When digging into PostgreSQL performance it is always good to know, which option one has to spot performance problems and to figure out, what is really going on on a server. Finding slow queries and performance weak spots is therefore exactly what this post is all about.
There are many ways to approach performance problems. However, three methods have proven to really useful to quickly assess a problem. Here are my top three suggestions to handle bad performance:
- Make use of the slow query log
- Checking execution plans with auto_explain
- Relying on aggregate information in pg_stat_statements
Each method has its own advantages and disadvantages, which will be discussed in this document
Making use of the PostgreSQL slow query log
A more traditional way to attack slow queries is to make use of PostgreSQL’s slow query log. The idea is: If a query takes longer than a certain amount of time, a line will be sent to the log. This way slow queries can easily be spotted so that developers and administrators can quickly react and know where to look.
In a default configuration the slow query log is not active. Therefore it is necessary to turn it on. You have version choices: If you want to turn the slow query log on globally, you can change postgresql.conf:
log_min_duration_statement = 5000
If you set log_min_duration_statement in postgresql.conf to 5000, PostgreSQL will consider queries, which take longer than 5 seconds to be slow queries and send them to the logfile. If you change this line in postgresql.conf there is no need for a server restart. A “reload” will be enough:
postgres=# SELECT pg_reload_conf(); pg_reload_conf ---------------- t (1 row)
You can do that using an init script or simply by calling the SQL function shown above.

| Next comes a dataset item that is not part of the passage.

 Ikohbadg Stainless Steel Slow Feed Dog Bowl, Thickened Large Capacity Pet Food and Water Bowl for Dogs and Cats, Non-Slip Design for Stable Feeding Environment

If you change postgresql.conf the change will be done for the entire instance, which might be too much. In many cases you want to be a lot more precise. Therefore it can make sense to make the change only for a certain user or for a certain database:
postgres=# ALTER DATABASE test SET log_min_duration_statement = 5000; ALTER DATABASE
ALTER DATABASE allows you to change the configuration parameter for a single database. Let us reconnect and run a slow query:
postgres=# \c test You are now connected to database "test" as user "hs". test=# SELECT pg_sleep(10); pg_sleep ---------- (1 row)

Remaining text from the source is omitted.